Olive sighed as she brought her windows to a dazzling shine with the daily newspaper. So much had happened in the last four years it was hard to know a time when peace had been taken for granted. Taking a deep breath of warm morning air, Olive tried not to dwell on thoughts that would dim her usually positive outlook, knowing her temporary melancholia was caused by the lack of information about her daughter; she hadn’t had much in the way of letters since Tilly went back to camp after Easter leave, last April, giving her cause to worry – as any mother would.
But, Olive thought, at least she had the other girls to keep her going, and then there was Archie; he took her mind off her troubles, she reflected with a smile. At nearly forty, Olive recognised that although she wasn’t old, nor was she sixteen any more – even though Archie made her feel that young when he looked at her in that special way he had …
‘You are always on the go, Olive. You’ve been like a mother to those lodgers of yours. I never thought I’d see the day,’ Nancy said, breaking into Olive’s wonderful reverie of Archie.
‘I’m no different from anybody else, Nancy.’ But Olive felt a little glow of pride especially when she remembered that Dulcie had said she was her very own substitute mother. Dulcie, like all her belles, was like another daughter now, especially after her own mother had been tragically killed last March in the Bethnal Green underground crush. Brash, flinty, glamorous and a dyed-in-the-wool East Ender, Dulcie had married aristocratic RAF fighter pilot David, but she was still a frequent visitor to number 13, and Olive suspected she always would be.
‘But if Dulcie sees you as a mother figure, then she must also see you as a substitute grandmother,’ said Nancy, popping Olive’s little bubble of pride; knowing the grandmothers she had become acquainted with were all of matronly stock. Did she look like that? She hoped not, and she tried to keep herself neat and trim. And even if there was so little in the way of beauty care she still used her Pond’s cold cream every night, albeit more sparingly than she had done before the war.
‘I couldn’t stand Dulcie when I first met her,’ Nancy said. ‘ “Common” was the word that sprung to mind when she bobbed down Article Row with those swinging hips and all that fake …’
‘What fake?’ Olive stopped what she was doing and looked at Nancy, her brows furrowed.
‘All that lipstick and rouge, the dyed blond hair and the painted nails, not to mention those eyelashes – it’s a wonder she could see out of her own eyes!’

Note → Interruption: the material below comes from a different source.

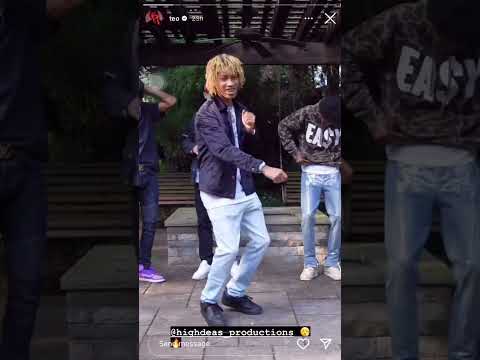 Shmateo freestyle #shmateo #dance #ayo #atlanta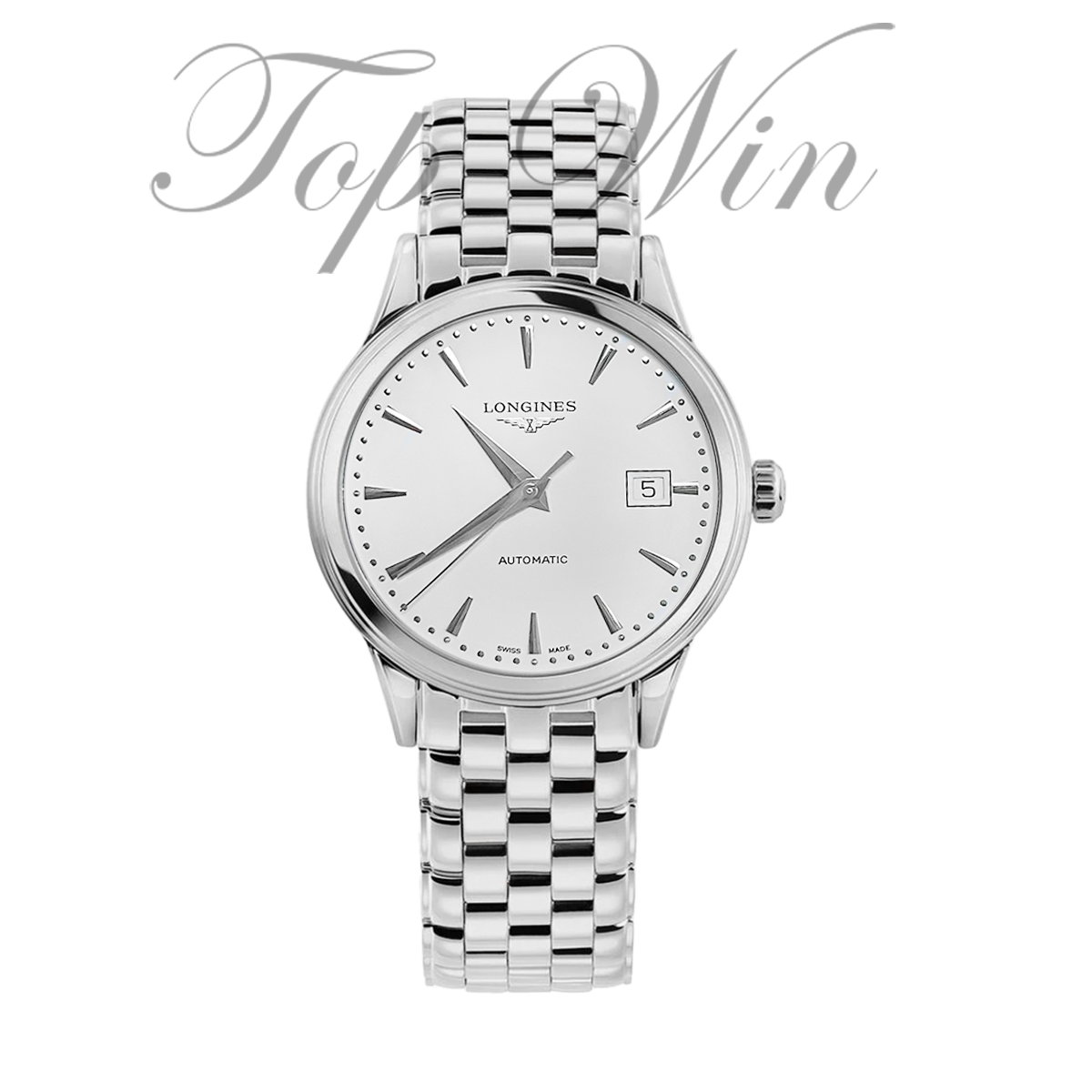 全新 LONGINES FLAGSHIP CLASSIC L4.984.4.18.6（請咨詢客服）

‘I thought she looked very glamorous,’ Olive lied – she wasn’t having Nancy push Dulcie’s reputation into the gutter – ‘and her hair was not dyed. She used to enhance her own natural blond with a lemon rinse and let the sun do the rest, that’s all.’ Olive wasn’t going to tell Nancy that she, too, thought Dulcie looked a little too ‘made up’ when she first came here. ‘Anyway, she worked on the perfume and make-up counter at Selfridges – she had to look glamorous, it was part of her job.’
It was funny how things turned out, Olive thought, remembering she hadn’t taken to Dulcie straight away when she first came to Article Row; she thought the girl from Stepney was a bad influence on young Tilly. But as it turned out, Dulcie was one of the kindest, most generously thoughtful people Olive had ever met; more so since she married David, who had been badly injured in the Battle of Britain in 1940.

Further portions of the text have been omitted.